** Opening DATA IN THIS EXERCISE block **
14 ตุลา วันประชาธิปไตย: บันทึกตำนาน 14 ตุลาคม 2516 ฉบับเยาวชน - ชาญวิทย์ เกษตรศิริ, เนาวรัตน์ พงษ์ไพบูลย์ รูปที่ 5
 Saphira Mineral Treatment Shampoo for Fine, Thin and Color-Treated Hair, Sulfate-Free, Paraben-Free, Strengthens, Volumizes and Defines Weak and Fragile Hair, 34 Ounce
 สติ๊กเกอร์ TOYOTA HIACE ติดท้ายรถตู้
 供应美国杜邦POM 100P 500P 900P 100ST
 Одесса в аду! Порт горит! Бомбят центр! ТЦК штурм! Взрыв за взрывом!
** Closing DATA IN THIS EXERCISE block **
Write out the lines above from the one containing "供应美国杜邦POM 100P 500P 900P 100ST" through the last, exactly as they are.

» **WORKED SOLUTION**:
 供应美国杜邦POM 100P 500P 900P 100ST
 Одесса в аду! Порт горит! Бомбят центр! ТЦК штурм! Взрыв за взрывом!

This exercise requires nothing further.